Directions for this task
A word-for-word copy of the data is what's wanted; pictures stay out of it.

Recorded information
════════
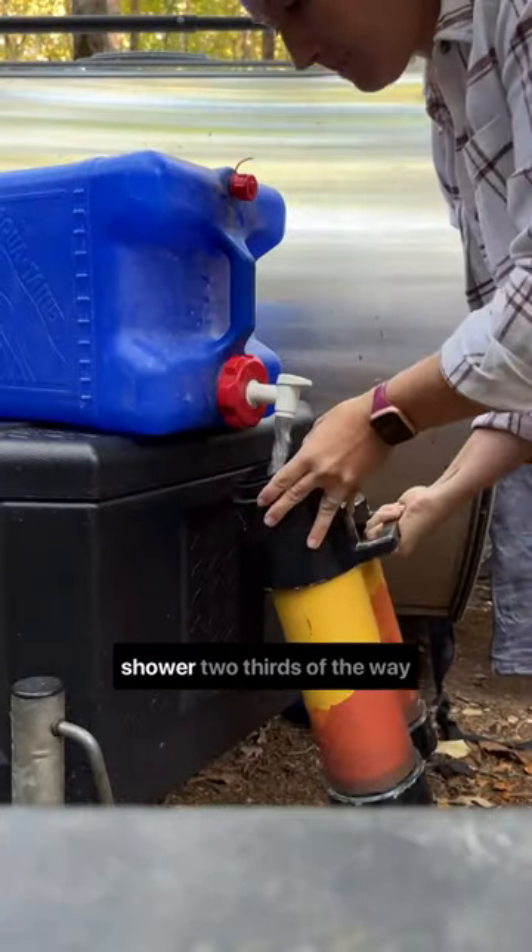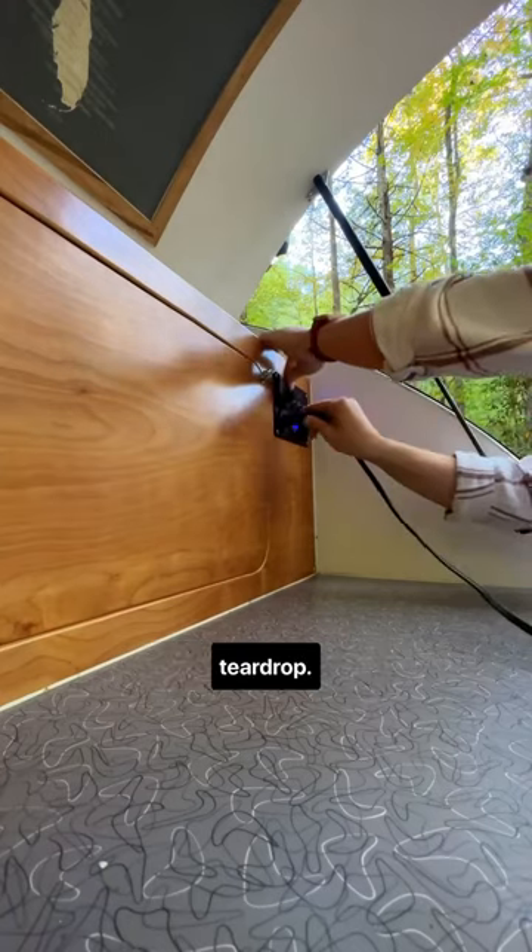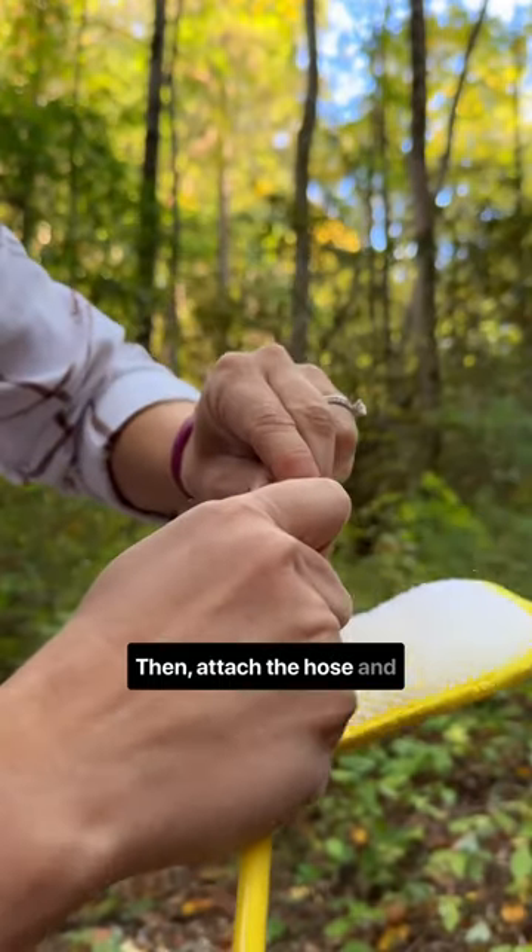Next we fill our geyser shower two-thirds of the way up and plug it into our teardrop. Then attach the hose and sponge.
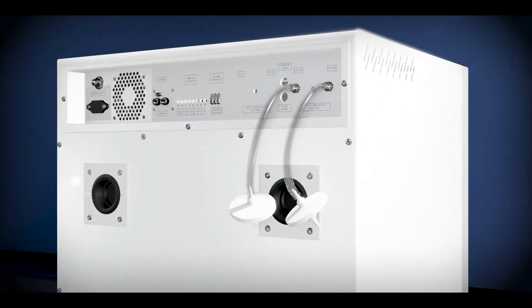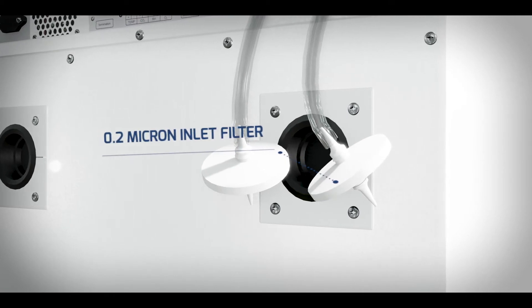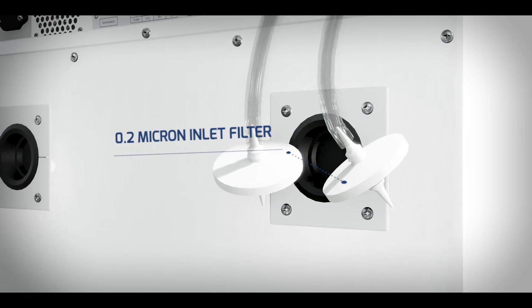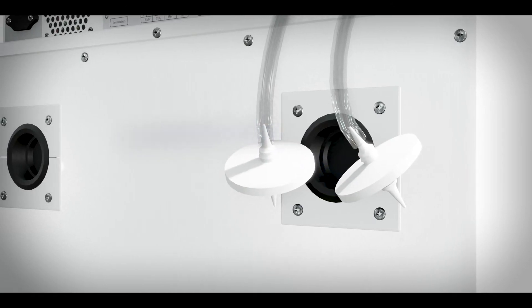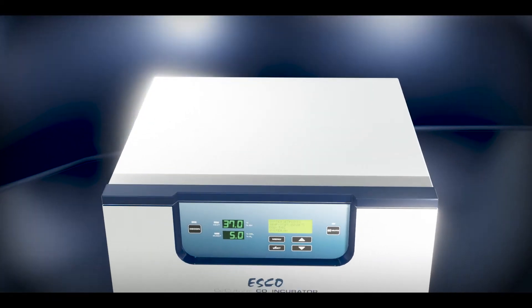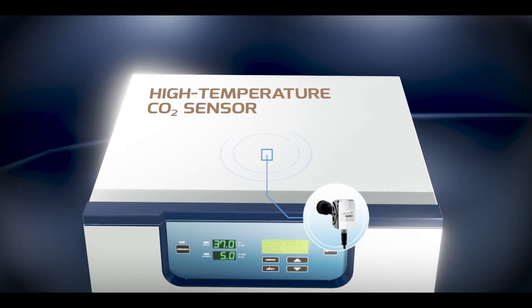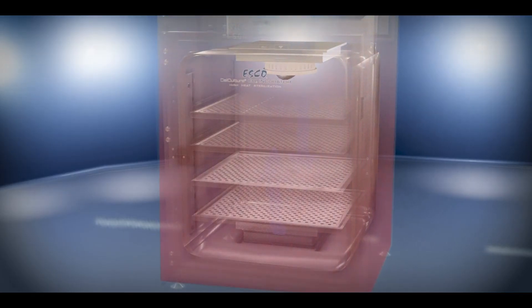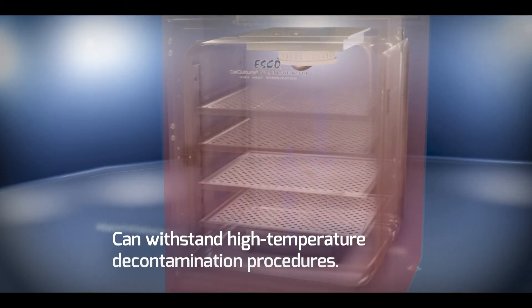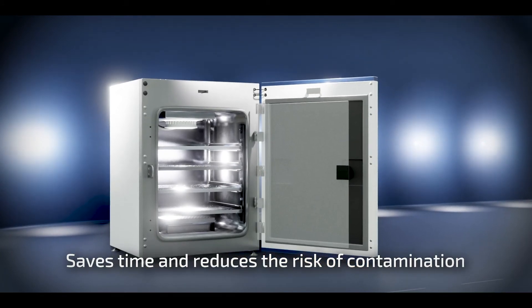The Cellculture CO2 Incubator with High Heat Sterilization has gas injection lines that are filtered via 0.2 micron inlet filters to remove impurities and contaminants before being injected into the chamber. It is installed with a heat-resistant CO2 sensor that provides accurate and stable measurements. This highly accurate sensor can withstand high-temperature decontamination procedures without the need to remove any component, saving time and reducing the risk of contamination.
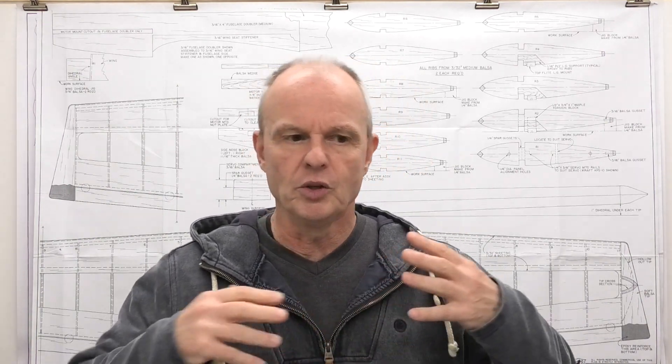In the first video we looked at plan selection, how we read and interpret the plans, what the designer and draftsman were trying to tell us, and where we can get our plans from like AeroFRED or AutoZone — links are in the description. We also dealt with some of the pitfalls such as parts that didn't fit or plans that stretch when printed or scanned.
════════
Solution to the problem
Next we fill our geyser shower two-thirds of the way up and plug it into our teardrop. Then attach the hose and sponge.
The Cellculture CO2 Incubator with High Heat Sterilization has gas injection lines that are filtered via 0.2 micron inlet filters to remove impurities and contaminants before being injected into the chamber. It is installed with a heat-resistant CO2 sensor that provides accurate and stable measurements. This highly accurate sensor can withstand high-temperature decontamination procedures without the need to remove any component, saving time and reducing the risk of contamination.
In the first video we looked at plan selection, how we read and interpret the plans, what the designer and draftsman were trying to tell us, and where we can get our plans from like AeroFRED or AutoZone — links are in the description. We also dealt with some of the pitfalls such as parts that didn't fit or plans that stretch when printed or scanned.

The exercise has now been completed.